身バレ防止のために少しフェイクを交えます。

当時体育の授業は選択方式で、自分のやりたい競技を選んで参加するという授業がありました。
私はバレーボールを選択し、2チーム作れるくらいの人が集まりました。
怪我や風邪で見学していた子達は点数係や審判の担当をしてくれて、点数係1人、審判1人、各チーム7人でバレーの試合をする事に。
私と審判の子が人数を数えてチーム分けをし、それぞれコートに入り試合が始まります。
体育館の半分をバレーボール、もう半分をバトミントンと卓球が使用している形で、競技ごとにネットで区切られていました。
私達はバレーの試合を楽しんでいましたが、1セット目の途中で私が違和感に気づきます。
こちらのチームの数が一人多いんです。
コートの中にセッター1人、スパイカー3人、ミドルブロッカー1人、リベロ2人の配置で試合をしていましたが、向こうのチームより多いと感じました。
一旦試合を止めてもらいその場で確認すると、こちらが多いのではなく向こうのチームが一人足りないという事に気づきました。
始まった時は確かに両チーム7人で始まっていたのに、いつからか向こうのチームが6人になっていたことに誰も気づかなかったんです。
開始前に確かに人数確認は3回くらい行って同じ人数になる事は確認しました。
チーム分けも違和感無く経験者と未経験者を上手く交えてきっちり分けて、開始時も7人ずついたことは審判も確認しています。
途中で誰もコートの外に出ていないことは全員が確認しているので、誰かが途中で抜けたとも考えられないのです。
その場にいた全員がその違和感に気づくと途端に怖くなりました。
明らかに誰かいたのに居なくなっている、それが誰だかわからない。
その怖さはその場で体験した人にしかわからない気味悪さがありました。

先生は誰がどの競技を選考していたか把握していましたが、メモには審判と点数係を含めバレーを選択したのは15人になっていました。
最初の人数を数えた時点でも競技者は14人いて、チーム分けが済んだ後も両チーム7人でやっていましたし、どのタイミングで一人消えたのかもわかりません。
少なくとも試合開始の段階ではきっちり人数は揃っていて、1セット目の途中から居なくなっている。
全員怯えながらも、とりあえずその後の試合は7対6の状態で続けていました。
もしかしてまた1人増えることがあるかもしれないので・・・。

その後また人数が戻る事はありませんでしたが、体育の授業の後は全員であの時誰が居たのかを授業そっちのけで名前を書き出し思い返してみました。
どう考えても最初に集まった人達しかあの場に居ないし、他の子がこちらのコートに来る事もなかった、だけど確実に人数は揃っていた。
結局、誰が居たのか正体を掴む事はできないままその出来事は一種の心霊体験として同級生の中で残っています。
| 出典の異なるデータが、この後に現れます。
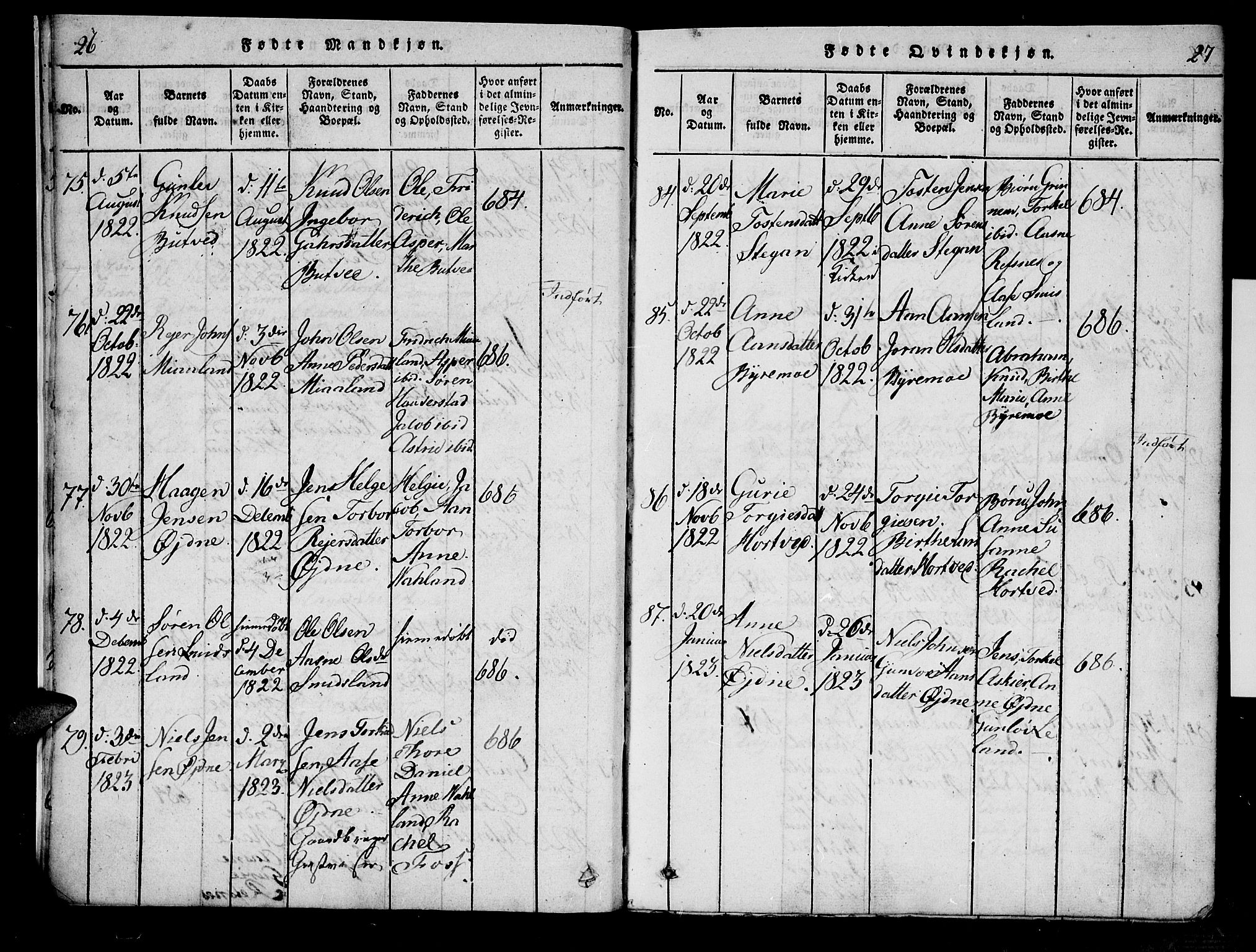 Bjelland sokneprestkontor, SAK/1111-0005/F/Fa/Fac/L0001: Parish register (official) no. A 1, 1815-1866, p. 26-27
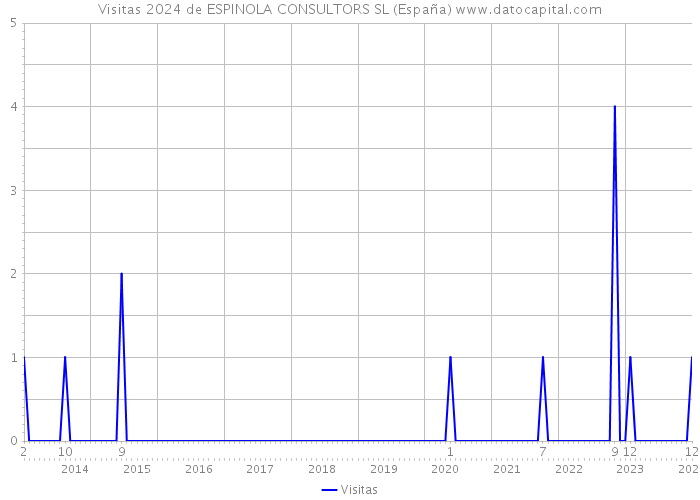 Visitas 2024 de ESPINOLA CONSULTORS SL (España) 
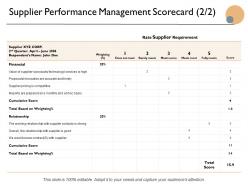 Supplier performance management scorecard management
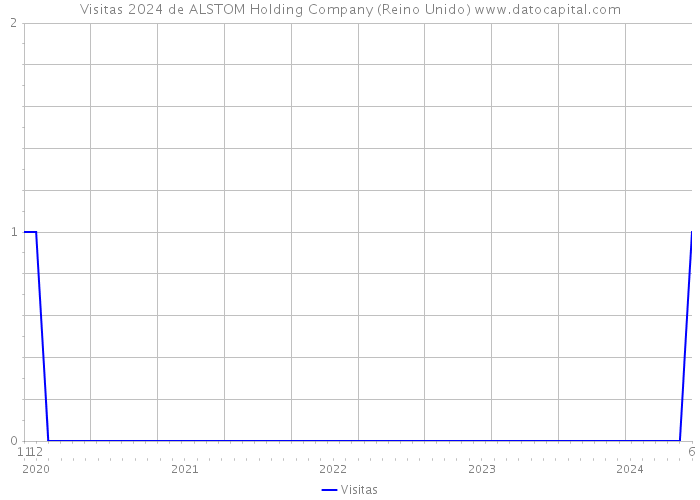 Visitas 2024 de ALSTOM Holding Company (Reino Unido) 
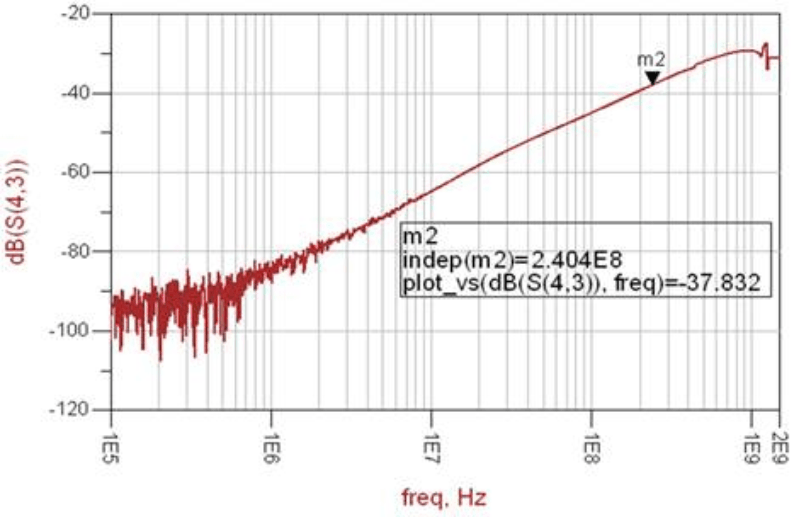 TS3USB3200 G011_cds333.gif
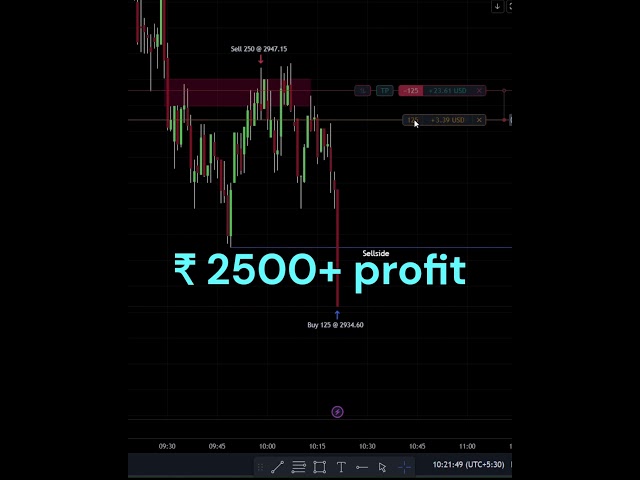 Live Trading on Reliance Using ICT Concept (13 March 2024) #trading #reliance #ictconcepts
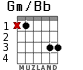 Gm/Bb для гитары - вариант 1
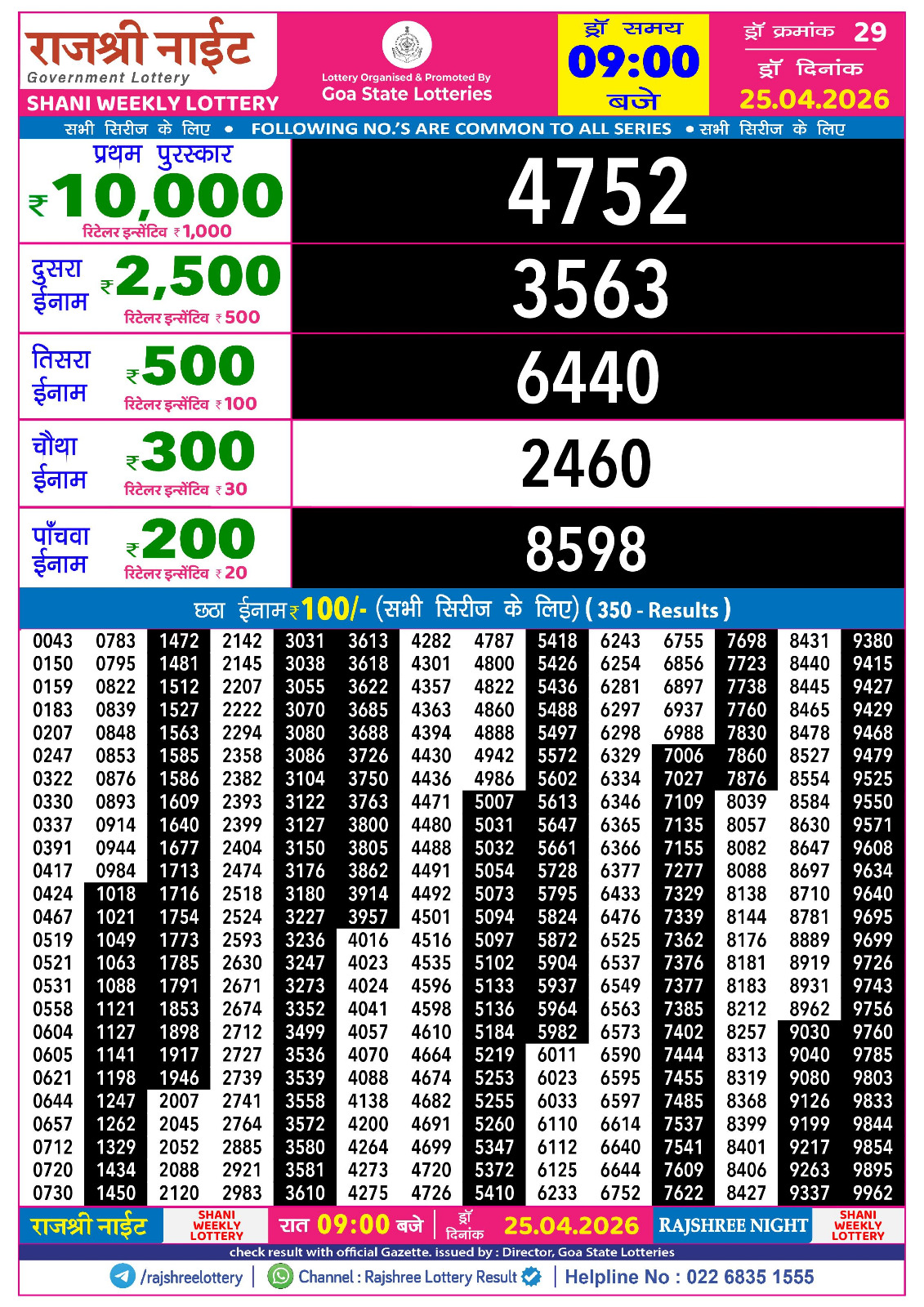 Today Lottery Sambad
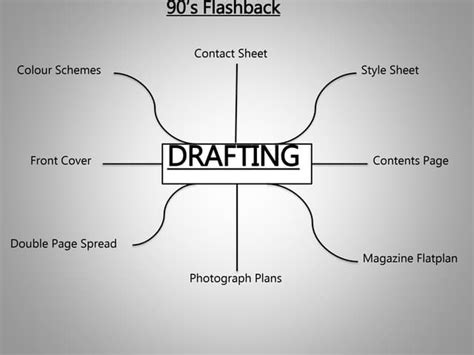 What Is Drafting 的图像结果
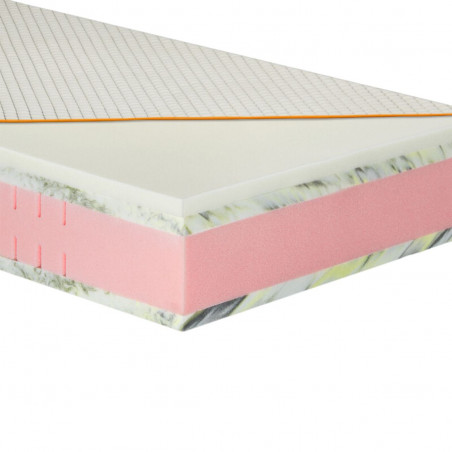 Viscoelastic mattress | Realistas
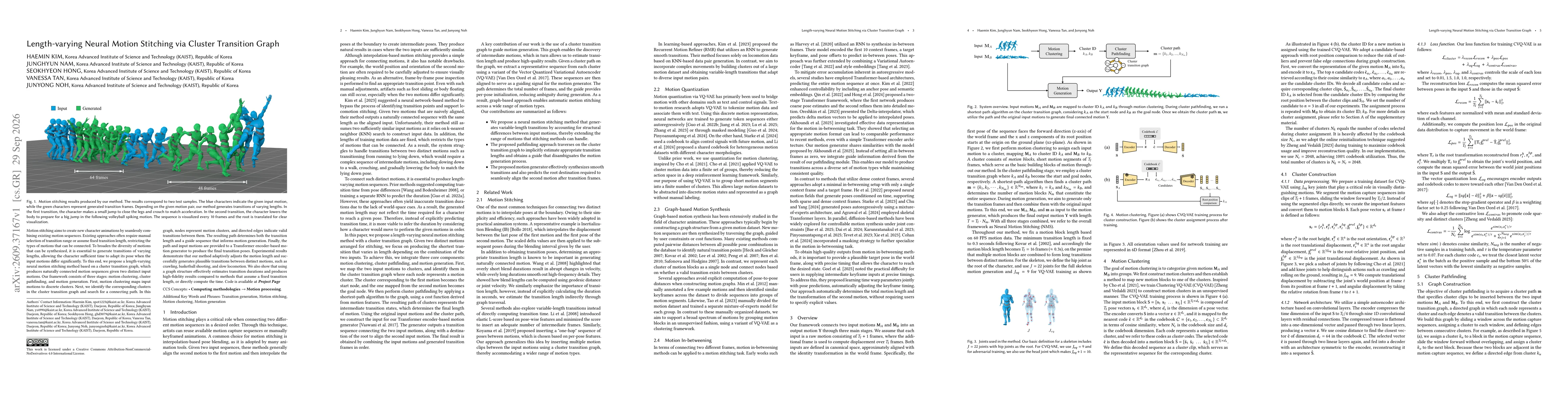 Thumbnail for Length-varying Neural Motion Stitching via Cluster Transition Graph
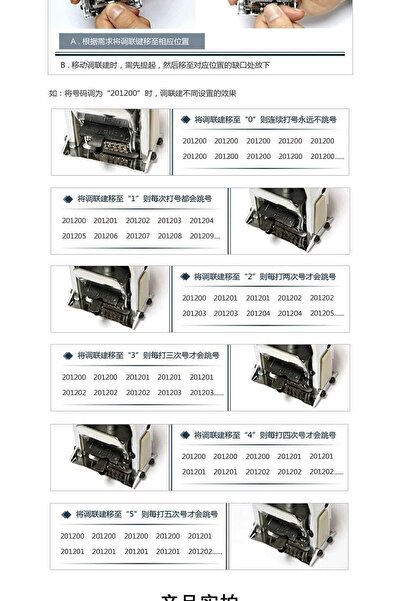 Deli Numbering Machine E7506 - High-Clarity Numbers with Built-in Ink Pad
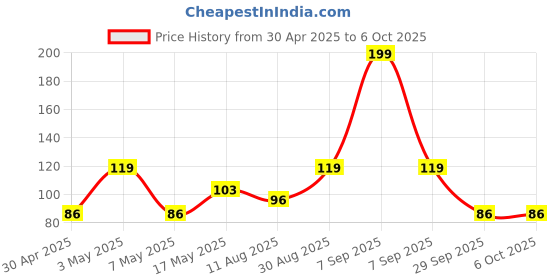 amazon.in Portronics Konnect Core 3 USB-A to Type C Fast Charging Cable for Smartphones,Tablets, Speakers, Laptops & Other Type C Devices, Inbuilt Cable Management Hook,3.0A Max Output,Fast Data Sync(Black) Price History Graph from 30 Apr 2025 to 6 Oct 2025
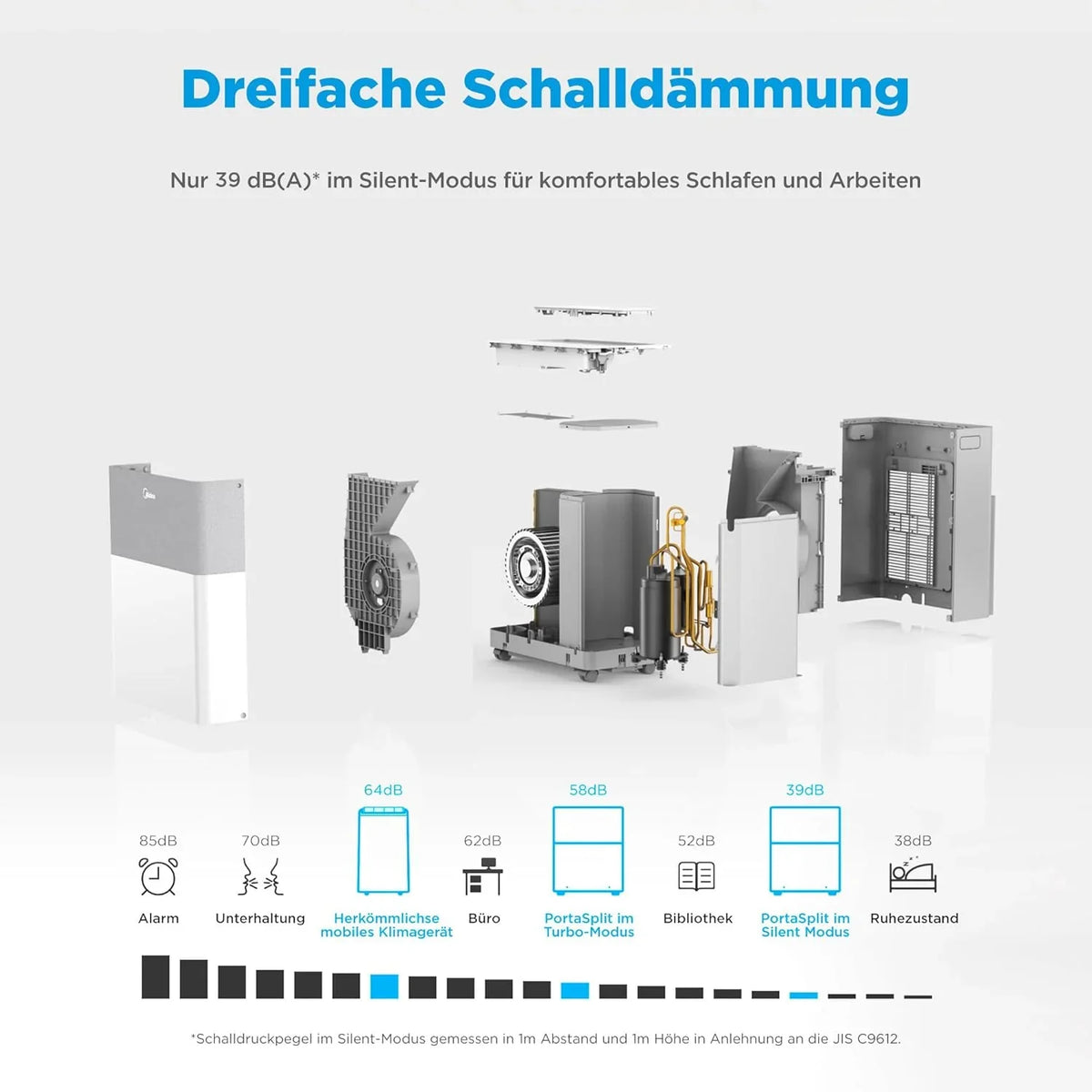 Midea Portasplit Klimaanlage. Mobile Wärmepumpe. Kühlen A++/Heizen A+. 12000 BTU 3. 5kW. für Räume bis zu 42 m² / 105 m³. nur 39 dB(A) im Silent-Modus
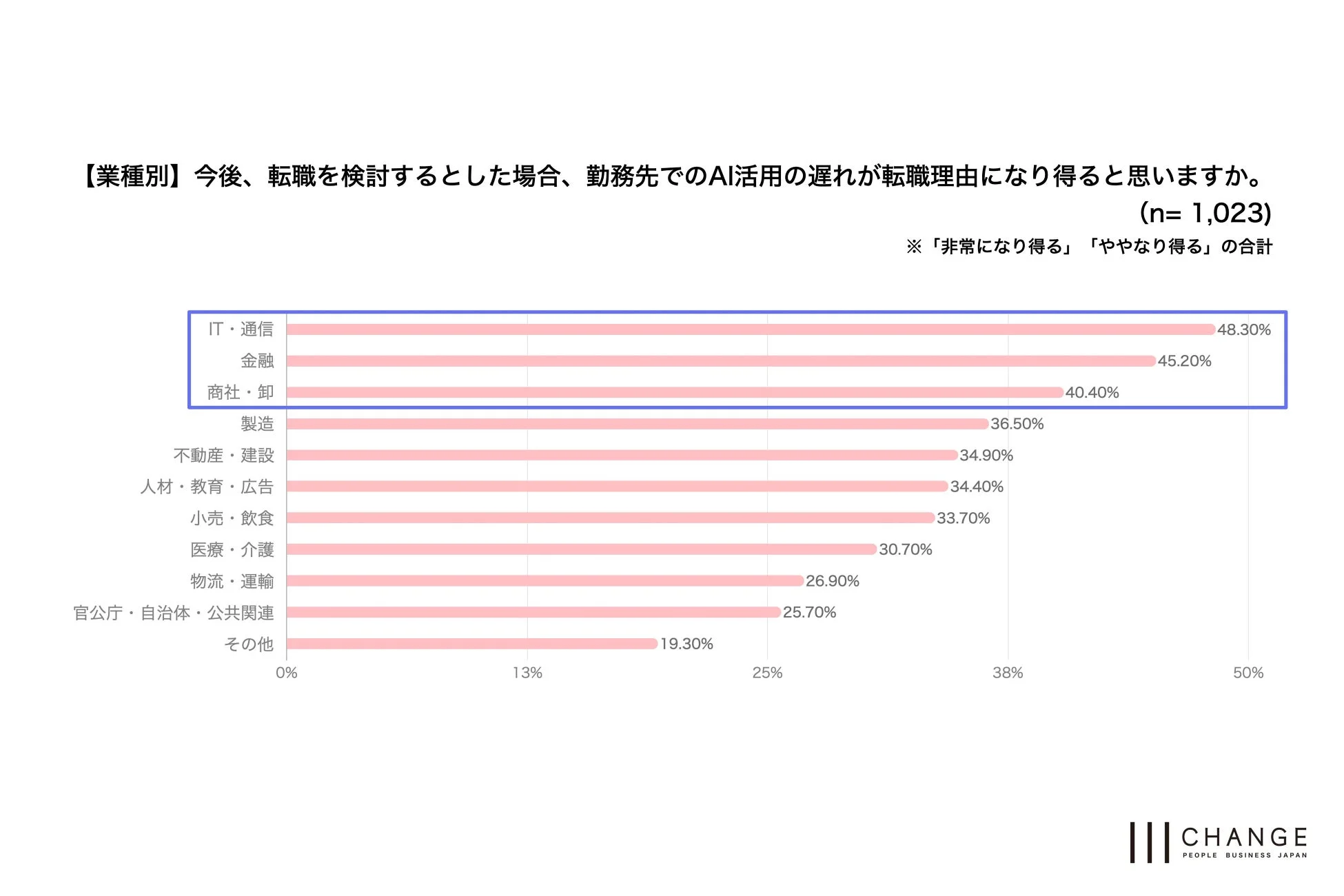 勤務先でのAI活用遅れが転職理由になり得るか、業種別に尋ねた調査結果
それから私はしばらくはこの現象について調べていました。
あの時人数の変動に気づいたのも私ですし、自分も人数を数えるのを手伝ったので間違いは無いと確信があったので。
すると、ある情報を掴む事ができました。
それは「学校わらし」という座敷わらしの一種で、学校に現れるものだという事。
学校わらしは子供達が遊んでいると知らぬ間に人数が増えていたりする現象の事のようで、まさにこの出来事が一致しています。
当時調べたページは今は存在していないようなので同じ文を引用する事ができませんが、学校が廃校や閉校する際に現れることが多いという一文があったのを覚えています。
実は私達の学校は統合により、私達の代で終わる事になっていたので、状況も合っていました。
今思うと、最後の学生として楽しんでいた私達と最後の思い出を作りに来てくれたのかなとも思います。
バトミントンや卓球は2~4人での競技の為に学校わらしも紛れる事ができなかったのかなと。
人数の多いバレーボールだからこそ、気づかれずに参加できたのだと思うとなんだか腑に落ちます。
あの時は恐怖でいっぱいだったけど、学校わらしの存在を知ってからはなんだか温かい不思議な体験だったなと思います。